# Selector
When you're scraping web pages, the most common task you need to perform is to extract data from the HTML source. There are different methods to identify the location of the data in HTML source.
We load a local sample html file to show how these methods work.

In [1]:
from scrapy import Selector

with open('Sample Webpage/sample5.html') as f:
    text = f.read()
sel = Selector(text=text)

Structure of Sample HTML

|-- __body__ 
>|-- __ul__ 
>>|-- __li__ class = "top" 
>>>|-- __div__ 
>>>>|-- _div of li_ 

>>|-- __li__ class = "top" 
>>>|-- __div__ 
>>>>|-- __div__ 
>>>>>|-- _div of li's div_ 

>>|-- __li__  
>>>|-- **p**  
>>>>|-- _p of li_ 

>>|-- __li__  
>>>|-- __a__  
>>>>|-- **div** id = "li_a_div" 
>>>>>|-- _div of li's a_ 

## Xpath Selector
XPath is a major element in the [XSLT](https://en.wikipedia.org/wiki/XSLT) standard.

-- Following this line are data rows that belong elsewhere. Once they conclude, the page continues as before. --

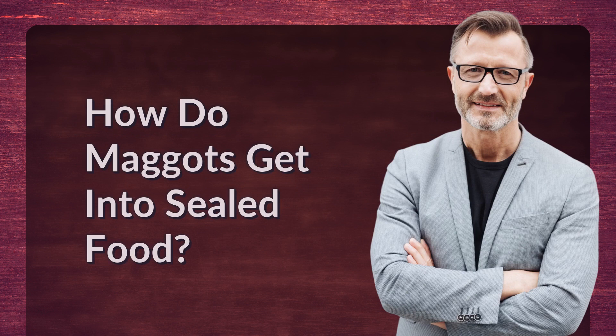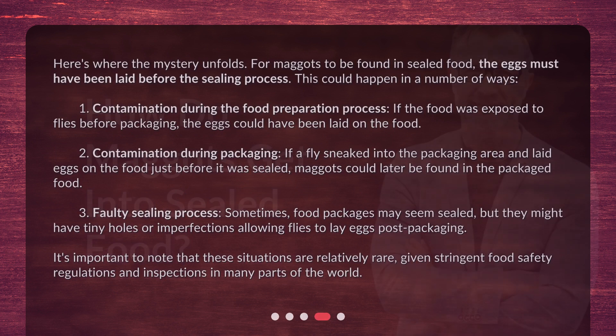Here's where the mystery unfolds. For maggots to be found in sealed food, the eggs must have been laid before the sealing process. This could happen in a number of ways. First, contamination during food preparation — if the food was exposed to flies before packaging, eggs could have been laid on the food. Second, contamination during packaging — if a fly sneaked into the packaging area and laid eggs on the food just before it was sealed, maggots could later be found in the packaged food.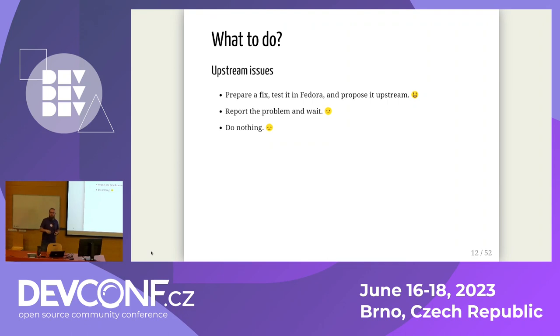So the best way you can help as a package maintainer is to prepare a fix, test it in Fedora where the original problem appeared. The second-best thing is to report the problem and wait — that can be valuable if you provide all necessary details: versions of dependencies, configuration flags, compilation flags. By doing that, you might help upstream fix the problem early, so average users on the bell curve may never even know the problem existed. Or you can do nothing, which is bad.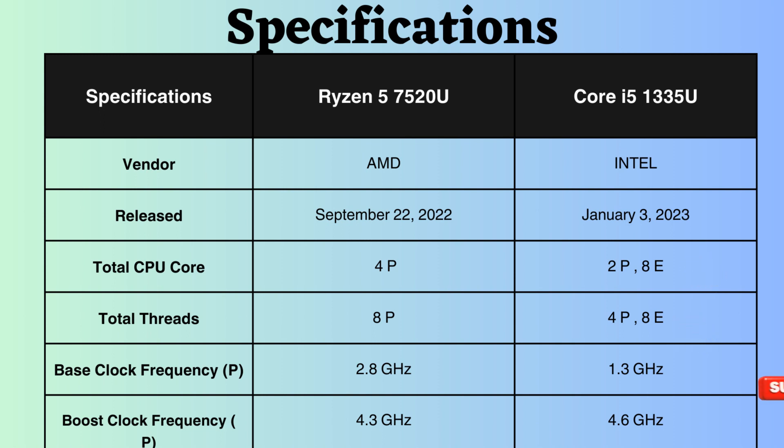The performance cores of the Ryzen excel at managing raw, heavy tasks, showcasing its superiority in this aspect. Conversely, for handling background tasks, efficiency cores play a crucial role, making Intel more favorable in this scenario.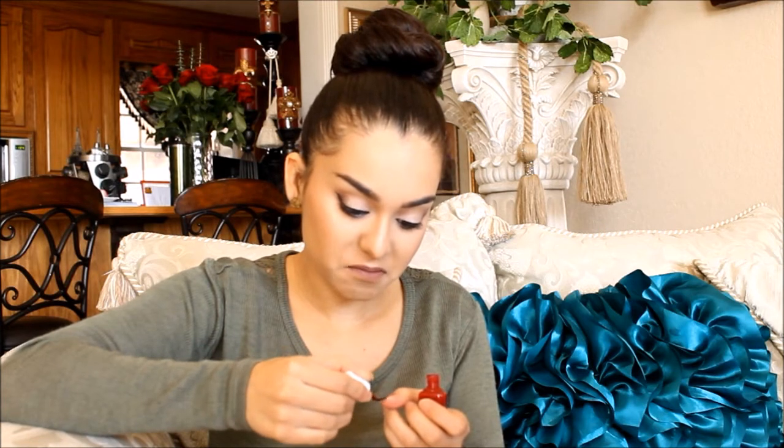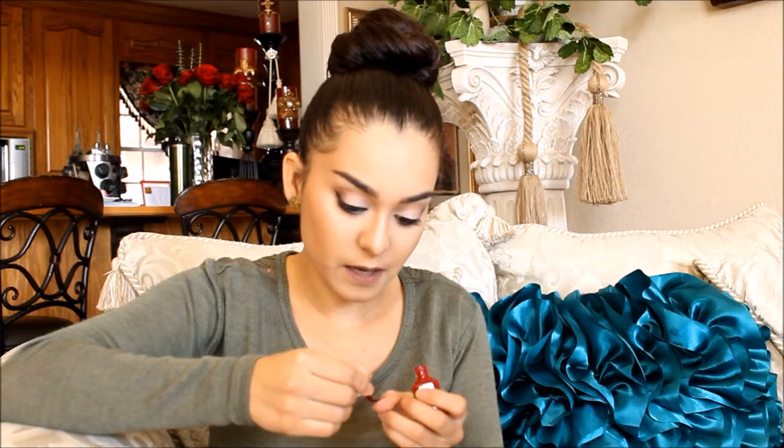I also got this nail polish by Color Club — it's the mini, that's my jam. I'm going to paint one of my nails just so y'all can see how it looks. It's not opaque red — it has kind of a pink tint to it. I guess it is red, but I swear I see a little bit of pink in it, maybe because it's not so opaque.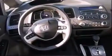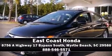A Carfax history report indicates just one previous owner. Please don't hesitate to give us a call.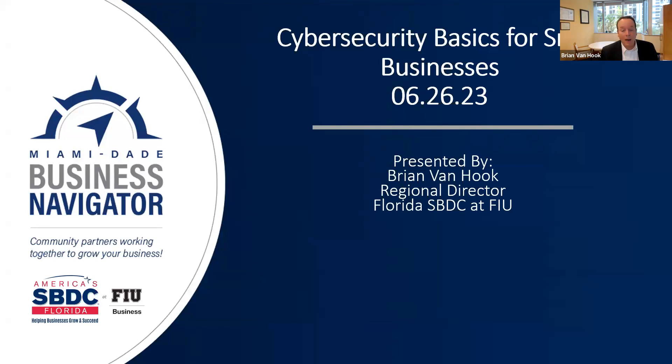Hello, everyone. My name is Brian Van Hook, and I'm Regional Director of the Florida Small Business Development Center at FIU. Welcome to this webinar focused on cybersecurity basics for small businesses under the Miami-Dade Business Navigator Program. I'll give it a couple more seconds as everybody streams in, but just wanted to welcome you to the webinar.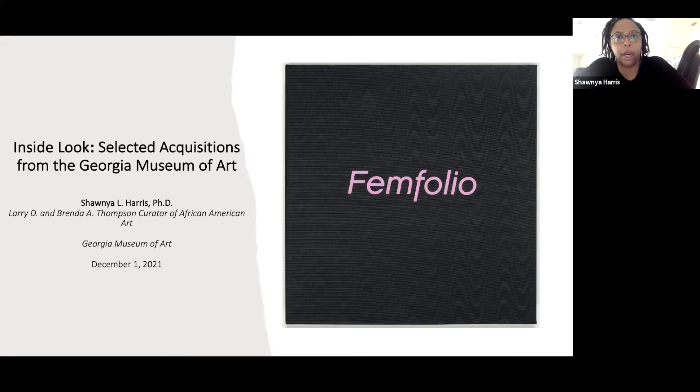The Femfolio is a portfolio of prints produced around 2007 by the Brodsky Center for Printmaking. It's interesting because a lot of the works in our Inside Look exhibition focus on underrepresented areas of major American collections, particularly in the area of women artists, African-American artists, Native artists, and for our purposes, the addition of photography, contemporary art, and that expansion at our museum.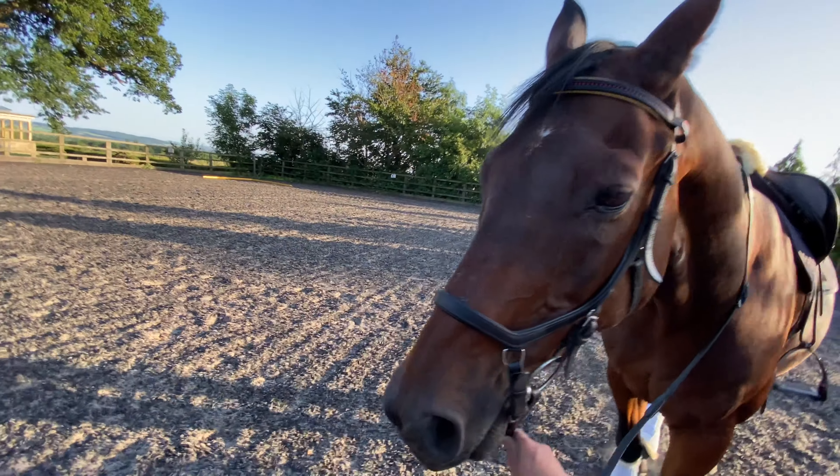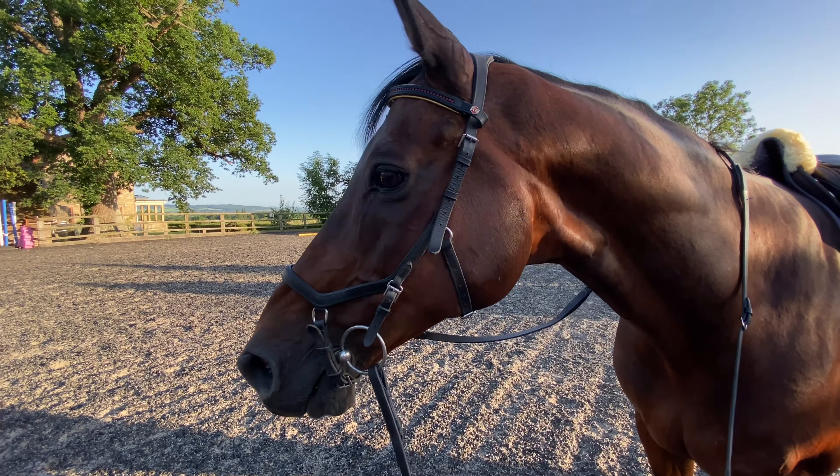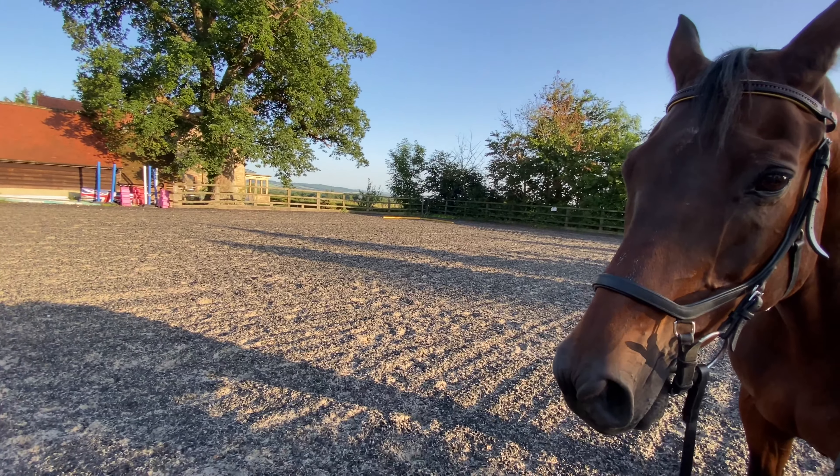Good evening, guys. I've dragged Paul Corporal out to the arena. It is still very hot, but it's beautiful — look at that blue sky. Sun is still out, it's just coming up to twenty to eight in the evening. I think it's still about 27 degrees. Anyway, from the thumbnail today, I am going to show you some exercises and things to think about to help you ride your tests a little bit more accurately.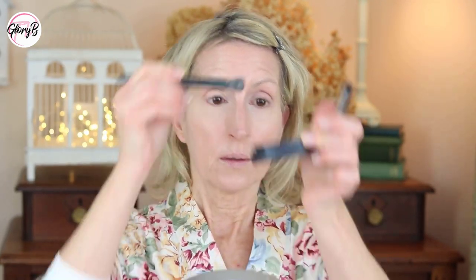Then I'm going to take some translucent powder - this is the one from It Cosmetics Bye Bye Pores - and I believe this is another e.l.f. brush. I'm just going to put a little bit on, just the tiniest amount. Let's take a close-up with the camera so you can see how that looks near my eyes.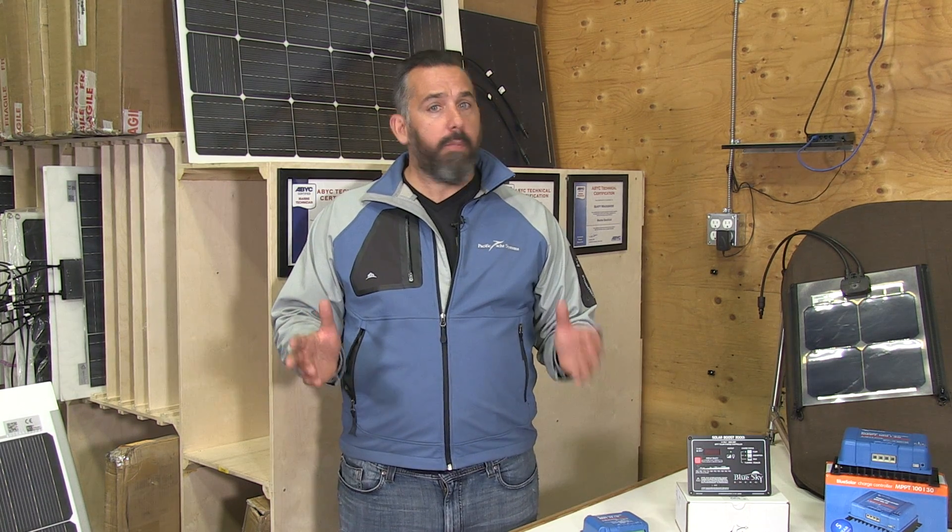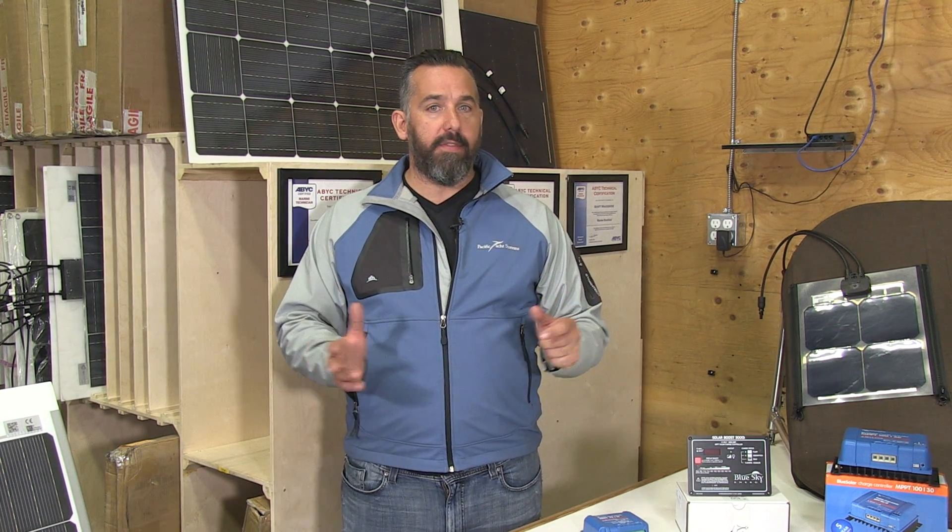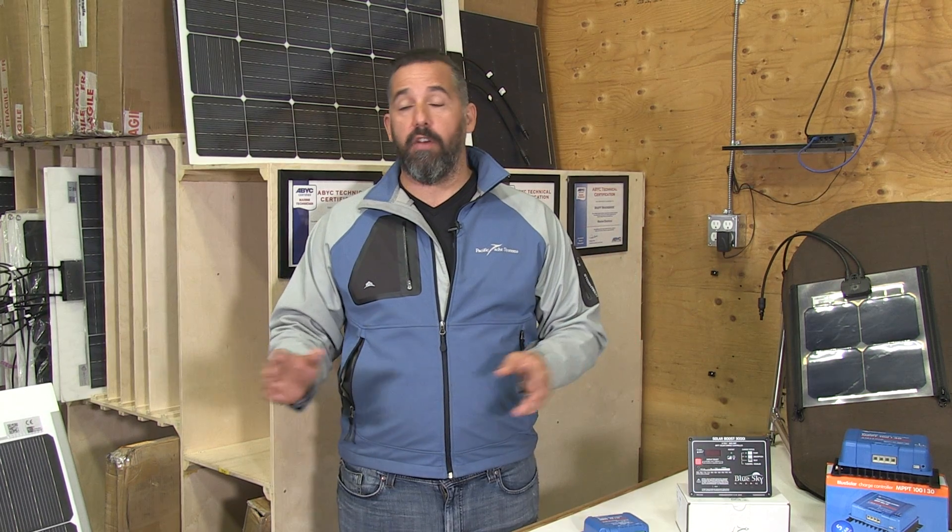Around here in the Pacific Northwest, we're pretty lucky. In the summer months, the formula for figuring out how many amp hours you're going to get from a solar panel is effectively a factor of four. So between late May to middle of September, if you've got a 100 watt panel, you're going to be getting a daily output on average of about 25 amp hours a day.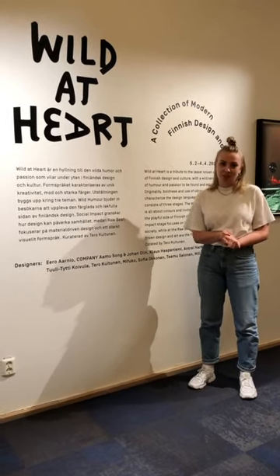Thank you for watching everybody. I hope you enjoyed this exhibition Wild at Heart just as much as I did. Welcome to our gallery — in the fall we will have new exhibitions here which I'm sure will be just as amazing as this one. Welcome to visit us at the Finnish Institute here in Stockholm.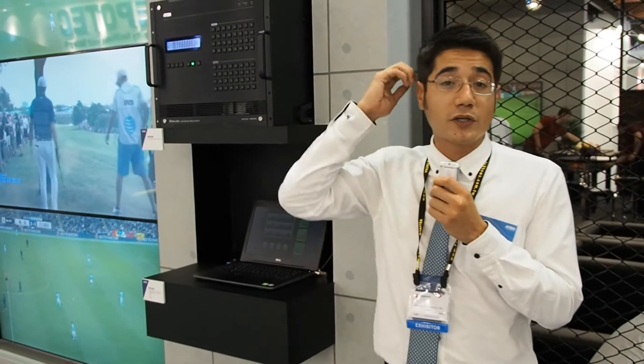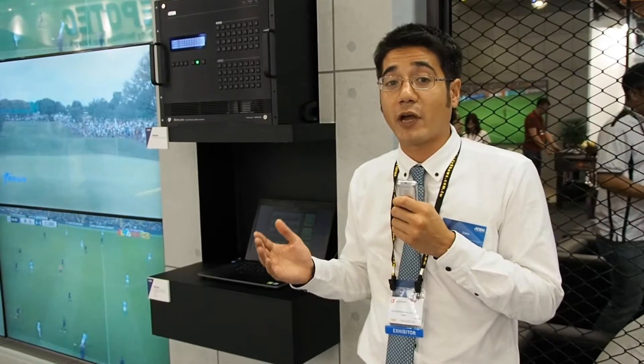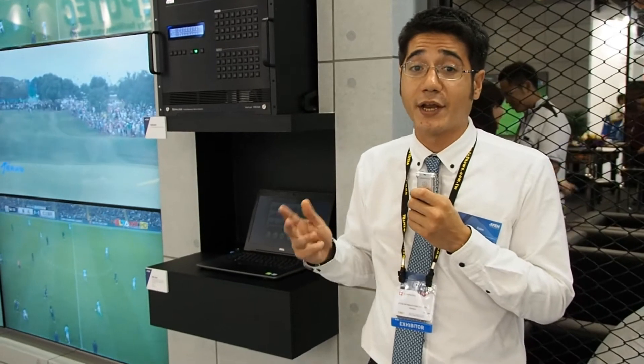We have multiple input and output cards. For input cards we have VGA, DVI, HDMI, SDI, and HDVASTE. As for the output cards we have HDMI, DVI, HDVASTE, and SDI.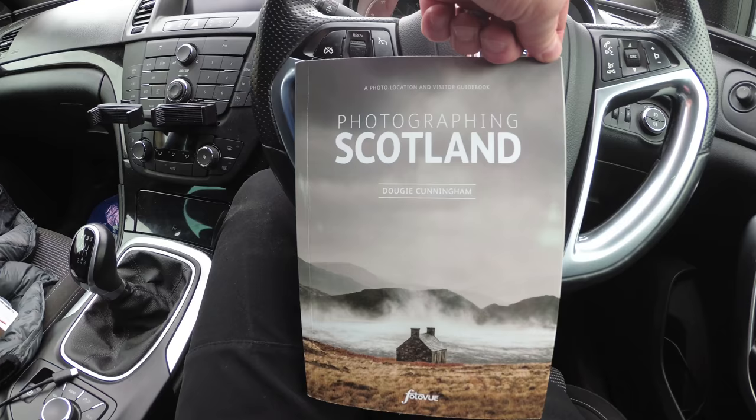I've just spent a week up in Scotland and I was driving home down the M74, looking for somewhere to take some pictures. I found out about this location from the Photographing Scotland book, so I thought yeah, I'm going to make another slight detour.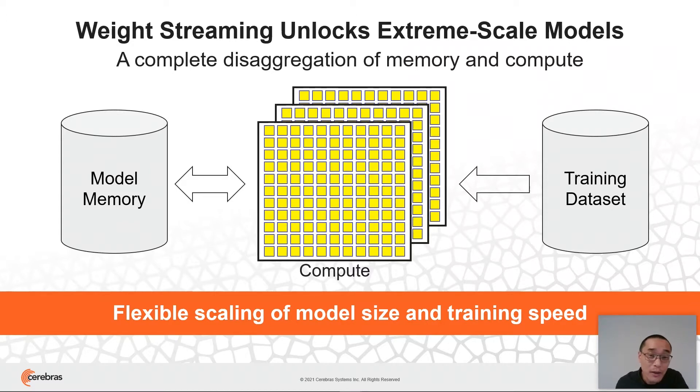And by doing so, making the communication elegant and straightforward. The reason we can do this is because neural networks use memory differently for different components of the model, so we can design a purpose-built solution for each type of memory and for each type of compute — and as a result, untangle them and completely simplify the scaling problem. By this disaggregation, the weight streaming execution model also provides unique flexibility, because we can scale independently the model size and the training speed, so the user can right-size the solution to their problem.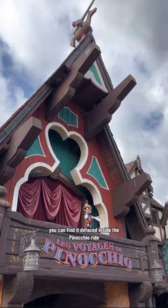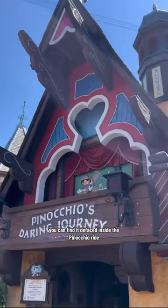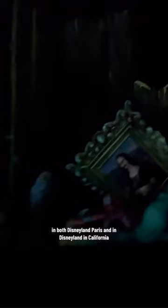But the Mona Lisa can also be found in a different Disney attraction. You can find it defaced inside the Pinocchio ride in both Disneyland Paris and in Disneyland in California.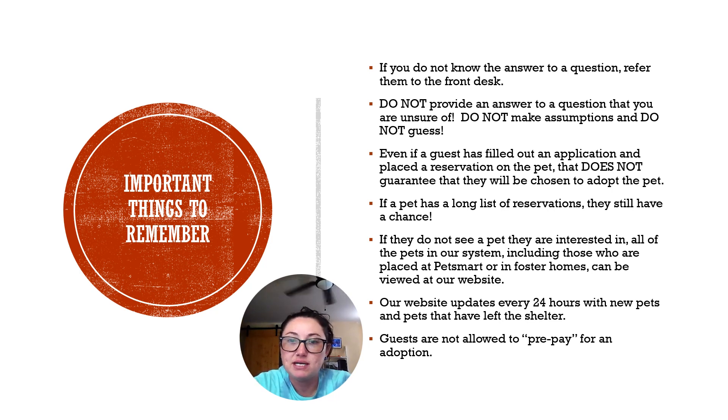The last thing to remember is that guests are not allowed to prepay for adoptions. Sometimes they are very adamant about wanting a certain pet and will offer to prepay for the adoption or even prepay plus make a generous donation — this is not allowed. Everybody needs to go through the process the correct way. We never know if a spay and neuter surgery might reveal underlying medical issues on a stray pet. We do not allow prepayments; they have to wait until the pet is fully adoptable and then go through the application process just like everyone else.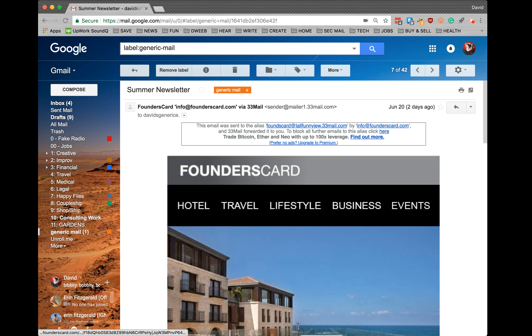You can see here at the top of the window every 33mail email has some information in a box. In that box it will tell you the email alias that I have chosen, the originating email address from the company, and if you look at the second line right here, a link in every single 33mail email to block all further emails from that address. So let's do this because I no longer want these emails — they're already sending me a lot of information that I don't need.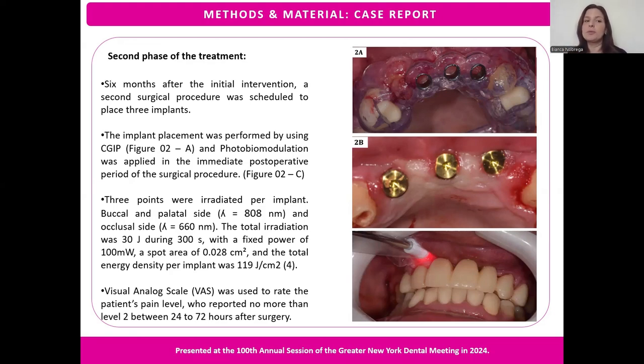The implant placement was performed using computer-guided implant placement and photobiomodulation, applied in the immediate postoperative period. We irradiated three points per implant: buccal, palatal, and occlusal sides. We used a visual analog scale to rate the patient's pain level, who reported no more than level 2 between 24 and 72 hours after surgery.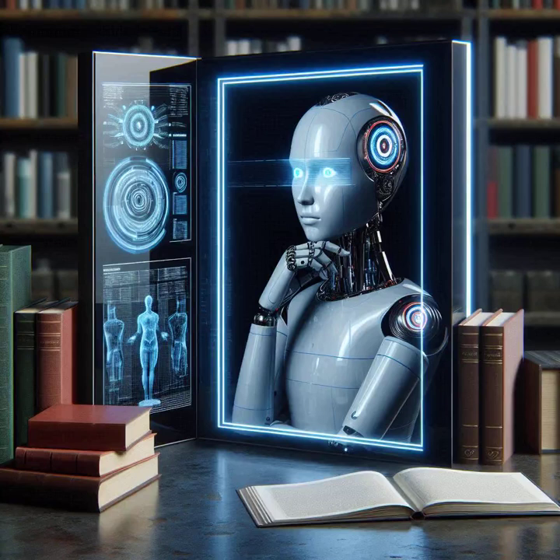Imagine a world where AI can help us solve some of humanity's most pressing challenges — from developing new medical treatments, to tackling climate change, to creating more personalized and effective education systems. Now we're talking about real impact, not just making our lives easier, but actually making the world a better place. We're not just developing technology — we're shaping the future of intelligence itself. And that's a journey we're all on together.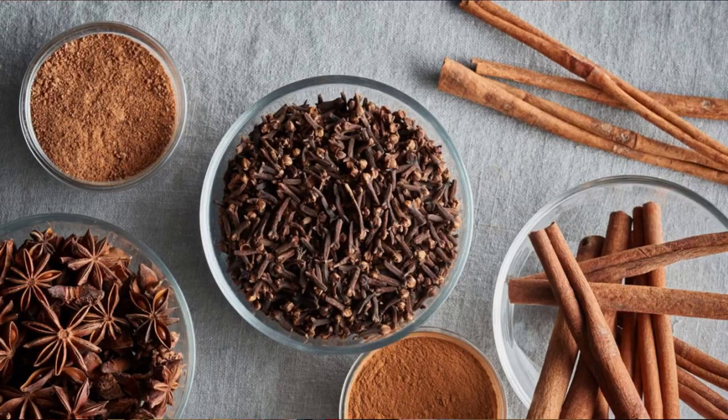Number five: herbs and spices. These are going to turbo-charge and build flavour bridges within your recipes. Think eugenol-rich cloves, cinnamon, nutmeg, Chinese five-spice, curry spices, black pepper, fenugreek, lovage, star anise, and saffron.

XPath can be used to navigate through elements and attributes in an XML document

In [2]:
ul_s_lis = sel.xpath("/html/body/ul/li")
for ul_s_li in ul_s_lis:
    print(ul_s_li)
    print('context:')
    print(ul_s_li.extract())
    print('\n')

<Selector xpath='/html/body/ul/li' data='<li class="top">\n            <div>div of'>
context:
<li class="top">
            <div>div of li</div>
        </li>


<Selector xpath='/html/body/ul/li' data='<li class="top">\n            <div>\n     '>
context:
<li class="top">
            <div>
            <div>div of li's div</div>
            </div>
        </li>


<Selector xpath='/html/body/ul/li' data='<li>\n        <p>p of li</p>    \n        '>
context:
<li>
        <p>p of li</p>    
        </li>


<Selector xpath='/html/body/ul/li' data='<li>\n        <a>\n        <div id="li_a_d'>
context:
<li>
        <a>
        <div id="li_a_div">div of li's a    
            
        
    
</div></a></li>




In [3]:
lis = sel.xpath("//li")
for li in lis:
    print(li)

<Selector xpath='//li' data='<li class="top">\n            <div>div of'>
<Selector xpath='//li' data='<li class="top">\n            <div>\n     '>
<Selector xpath='//li' data='<li>\n        <p>p of li</p>    \n        '>
<Selector xpath='//li' data='<li>\n        <a>\n        <div id="li_a_d'>


In [4]:
sel.xpath("//li")[2].xpath('./p')[0] # return the first label p of the third li

<Selector xpath='./p' data='<p>p of li</p>'>

In [5]:
sel.xpath("/html/body/ul/li/a/div/text()").extract_first()

"div of li's a    \n            \n        \n    \n"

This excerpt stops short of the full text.